Work request
Skip the pictures and restate, word for word, the lines from the one containing "bieżnik papierowy premium" to the end of the data below.

[Short web captions]
------------------------------------------------
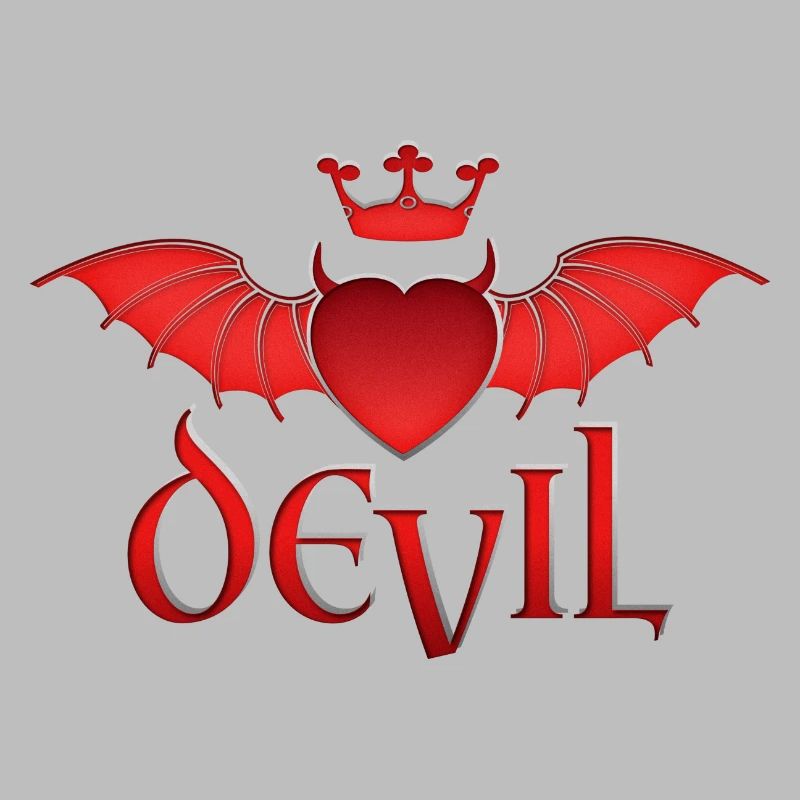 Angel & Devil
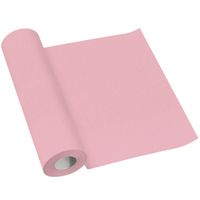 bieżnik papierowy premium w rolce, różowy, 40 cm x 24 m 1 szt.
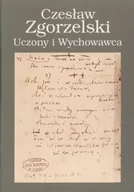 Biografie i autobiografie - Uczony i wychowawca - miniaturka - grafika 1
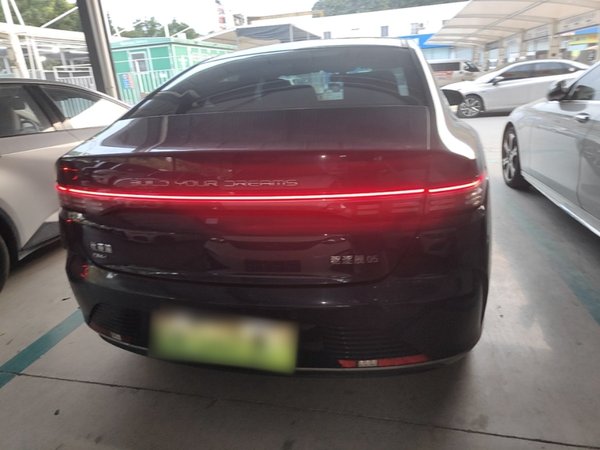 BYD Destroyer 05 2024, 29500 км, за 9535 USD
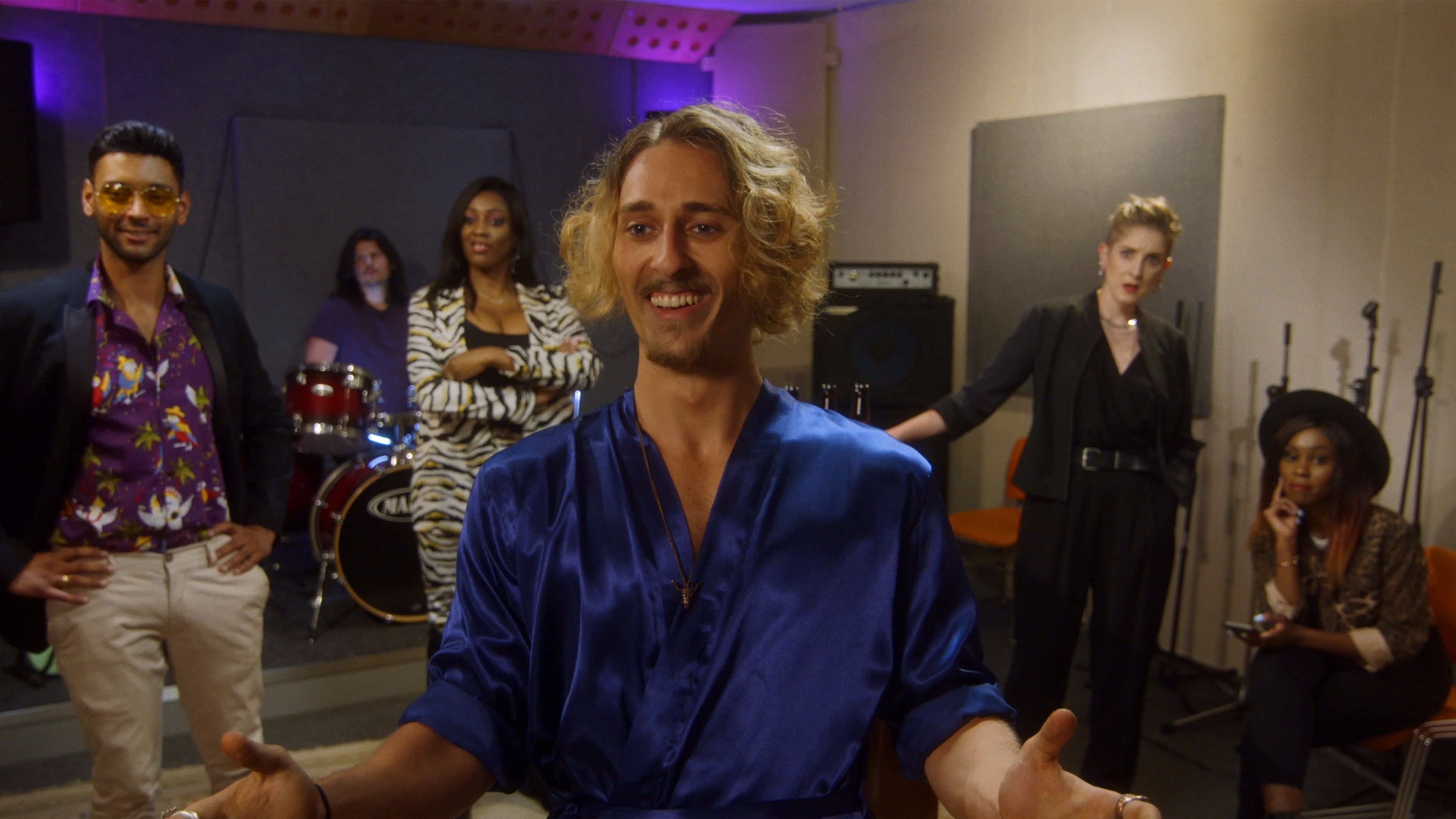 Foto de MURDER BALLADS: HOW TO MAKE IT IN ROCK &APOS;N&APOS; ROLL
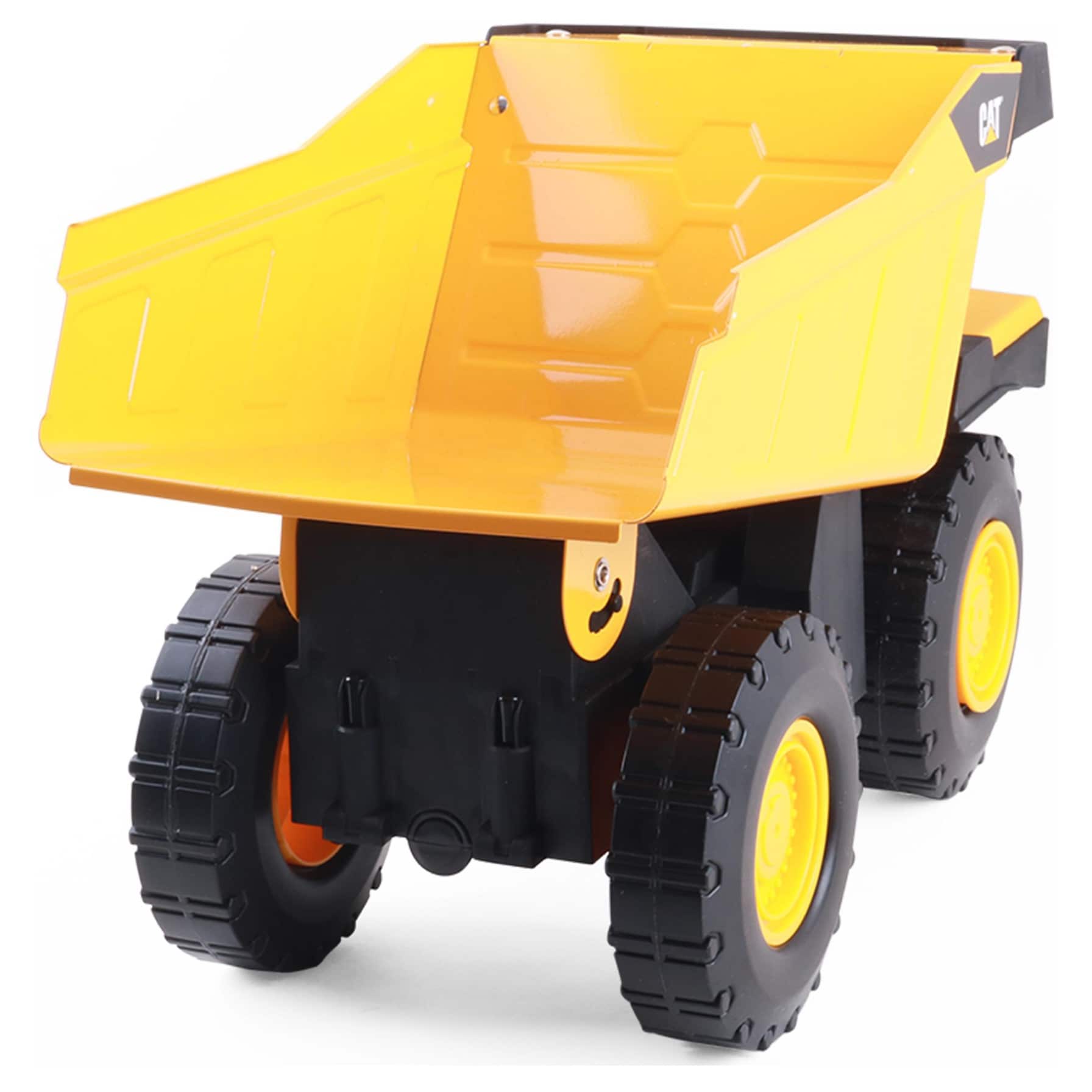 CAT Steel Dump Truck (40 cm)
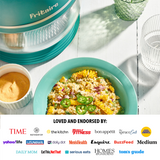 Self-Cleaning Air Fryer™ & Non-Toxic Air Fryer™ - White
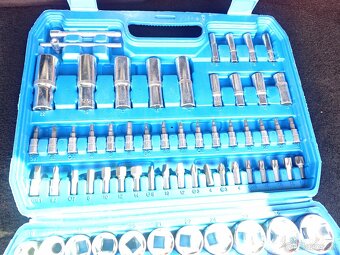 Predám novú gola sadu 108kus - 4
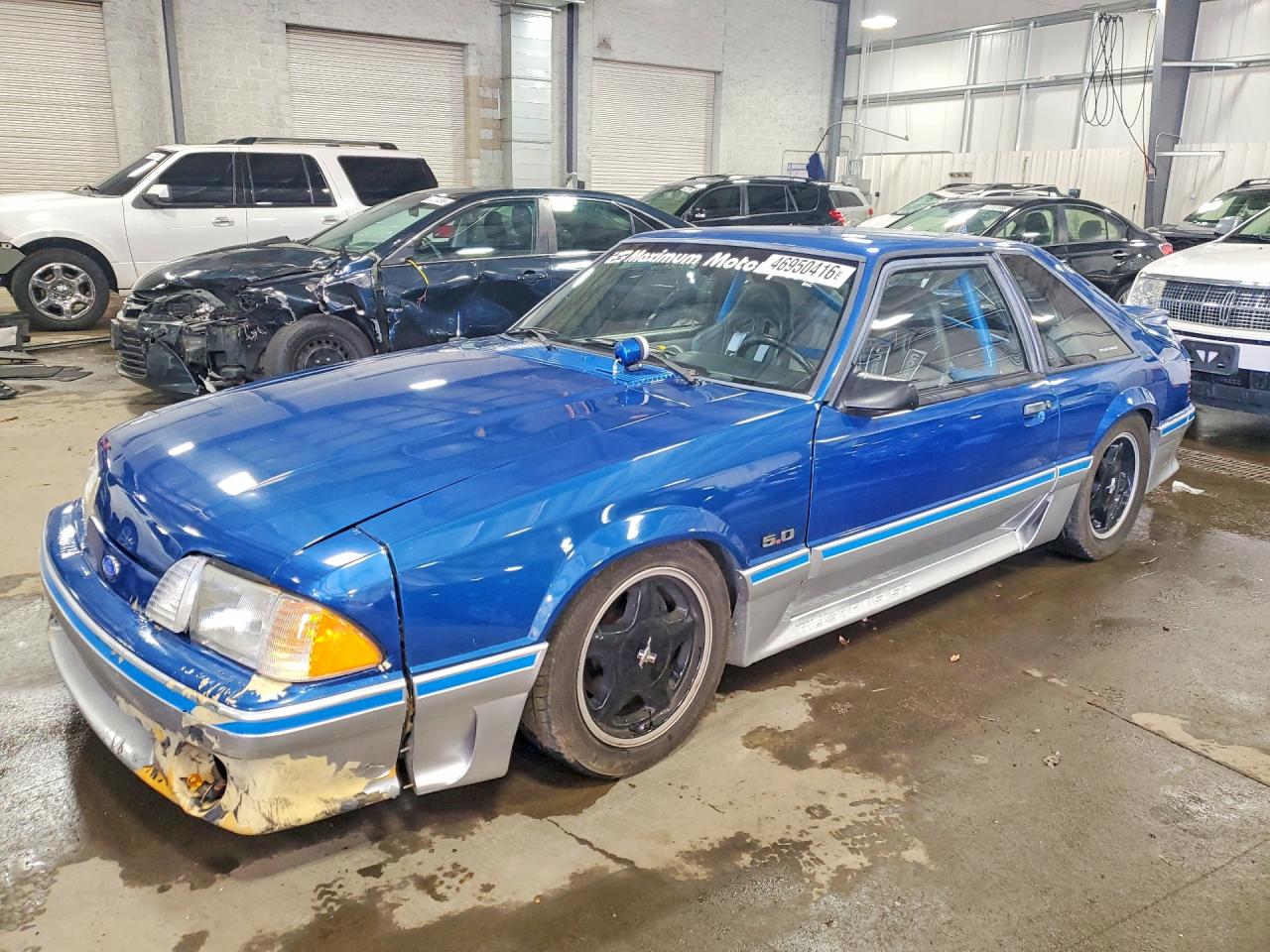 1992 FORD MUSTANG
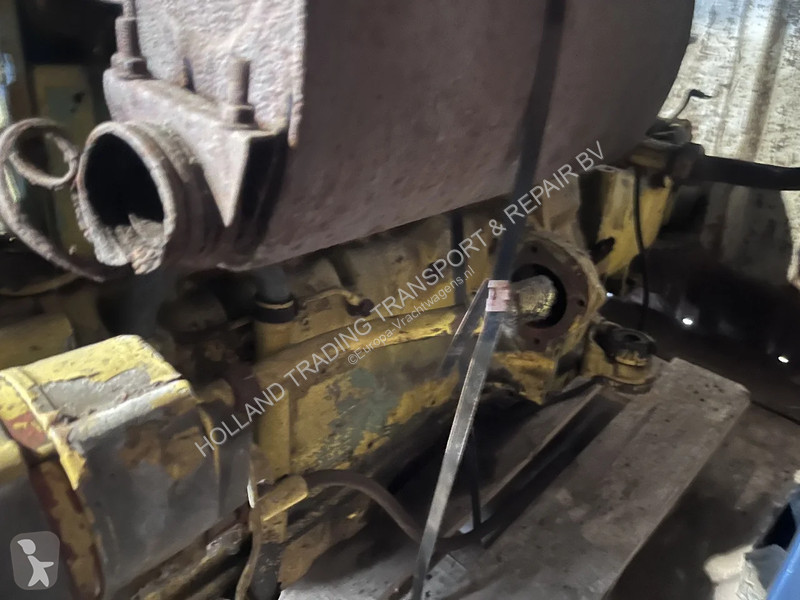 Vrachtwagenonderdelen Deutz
------------------------------------------------
Expected answer
 bieżnik papierowy premium w rolce, różowy, 40 cm x 24 m 1 szt.
 Biografie i autobiografie - Uczony i wychowawca - miniaturka - grafika 1
 BYD Destroyer 05 2024, 29500 км, за 9535 USD
 Foto de MURDER BALLADS: HOW TO MAKE IT IN ROCK &APOS;N&APOS; ROLL
 CAT Steel Dump Truck (40 cm)
 Self-Cleaning Air Fryer™ & Non-Toxic Air Fryer™ - White
 Predám novú gola sadu 108kus - 4
 1992 FORD MUSTANG
 Vrachtwagenonderdelen Deutz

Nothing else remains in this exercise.